Polícia Civil investiga empresas acusadas de fraudar pregões públicos do DF

Grupo é acusado de usar softwares durante os pregões e fazer conluios impedindo a competitividade. Mandados de busca e apreensão foram cumpridos no DF e em mais dois estados


postado em 11/12/2019 12:50 / atualizado em 11/12/2019 12:51

Operação da Divisão Especial de Repressão a Corrupção cumpriu 27 mandados de busca e apreensão(foto: PCDF/Divulgação )
Operação da Divisão Especial de Repressão a Corrupção cumpriu 27 mandados de busca e apreensão (foto: PCDF/Divulgação )
A Polícia Civil do Distrito Federal investiga empresas acusadas de fraudar licitações de órgãos públicos do DF. Durante a manhã desta quarta-feira (11/12), policiais cumpriram 27 mandados de busca e apreensão, no DF, em São Paulo e no Goiás. Os mandados foram feitos em 10 empresas e na casa de 17 sócios. A suspeita é de que dois grandes grupos empresariais participem do esquema. 

A investigações da operação batizada de Decepticons - em alusão ao uso de tecnologias não permitidas - começaram há oitos meses, após a suspeita de fraude em um pregão de 2018, para compra de alimentos para restaurantes comunitários do DF.  “Foram identificados o uso, por parte das empresas que ganharam essa licitação, de robôs para lances automáticos. Isso inviabiliza que os outros participantes, que não usam dessas tecnologias, consigam competir”, explicou o delegado da Divisão Especial de Repressão à Corrupção (Decor/ Cecor) Ricardo Uchôa

De acordo com a nota técnica do pregão, os lances feitos pela empresa eram de menos de 2 segundos, algo impossível para um humano. Com o andar das investigações, os policiais ainda constataram possíveis formas de fraudes, como a combinação de lances. “Algumas coisas foram identificadas. Um sócio de uma empresa, por exemplo, era o contador de outra. Mas a investigação busca investigar como se dava o conluio”, explicou o delegado  Wenderson Teles, Decor/Cecor

Além do pregão dos restaurantes comunitários, um outro pregão de fornecimento de alimentos para presídios está sob investigação. A suspeita é de que o grupo atuava desde 2015. Durante a ação desta quarta-feira, a polícia prendeu aparelhos celulares, computadores, pen-drives e documentos. O material seguirá para perícia para se constatar o uso dos softwares.

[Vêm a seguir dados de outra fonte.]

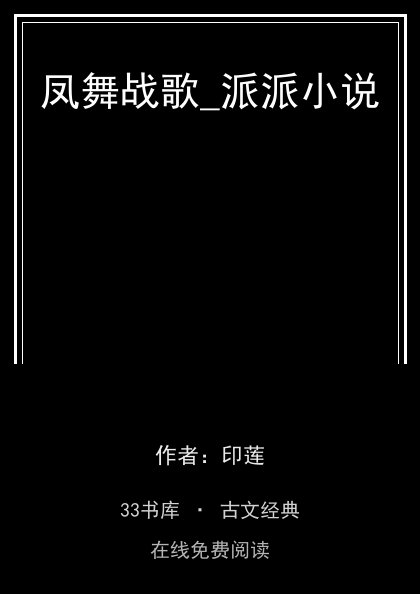 凤舞战歌_派派小说封面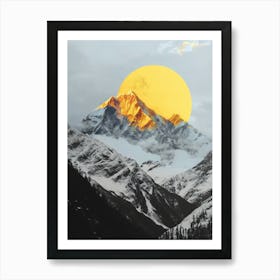 Sunrise Over The Mountains Art Print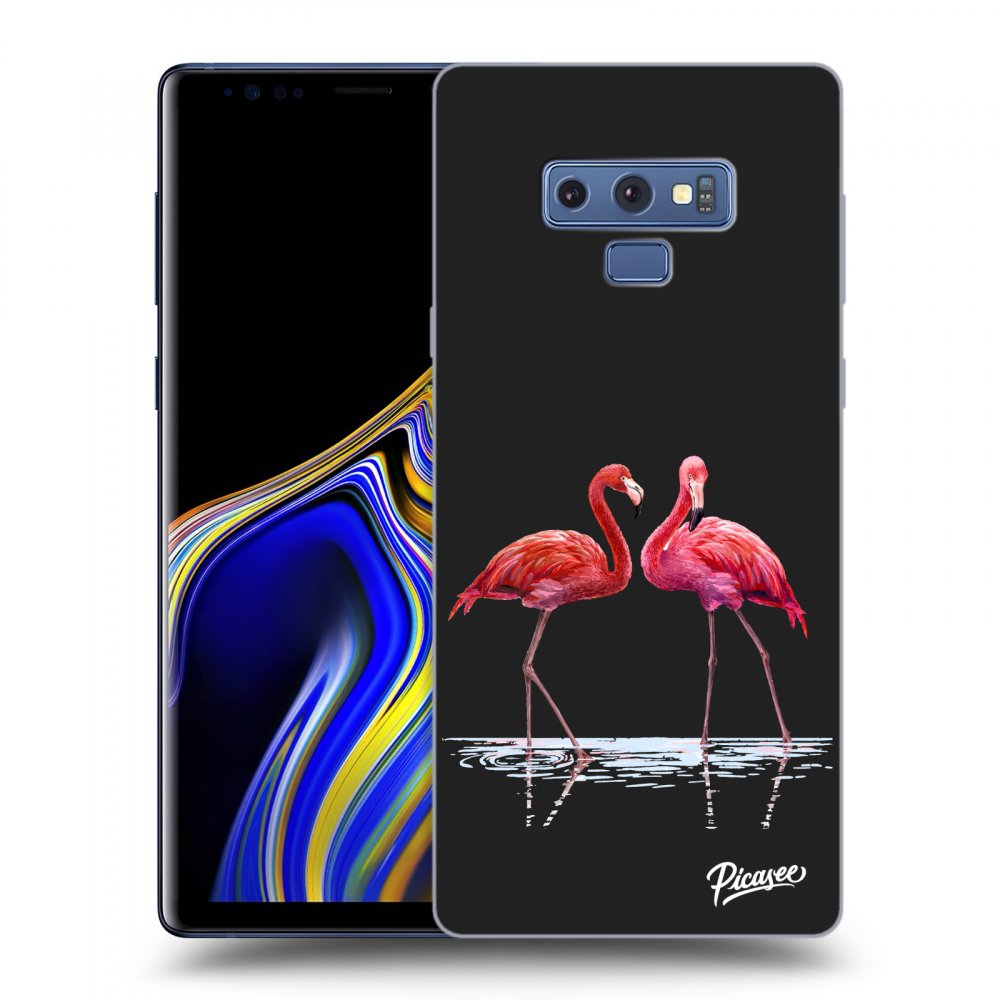 Picasee silikónový čierny obal pre Samsung Galaxy Note 9 N960F - Flamingos couple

"Vamos tentar preencher o tipo penal. Estamos buscando elementos que comprovem essas duas modalidades, o uso de tecnologia não permitida e o conluio, como também comprovar os ajustes que existem entre essas empresas e sócios, para que a gente possa vincular essa pessoas à associação criminosa ou organização criminosa", detalhou Uchôa. 

Os grupos são investigados por conluio, fraude ao caráter competitivo, o crime de associação criminosa e possivelmente o crime de organização. A polícia ainda não contatou a participação de servidores públicos no esquema no Distrito Federal.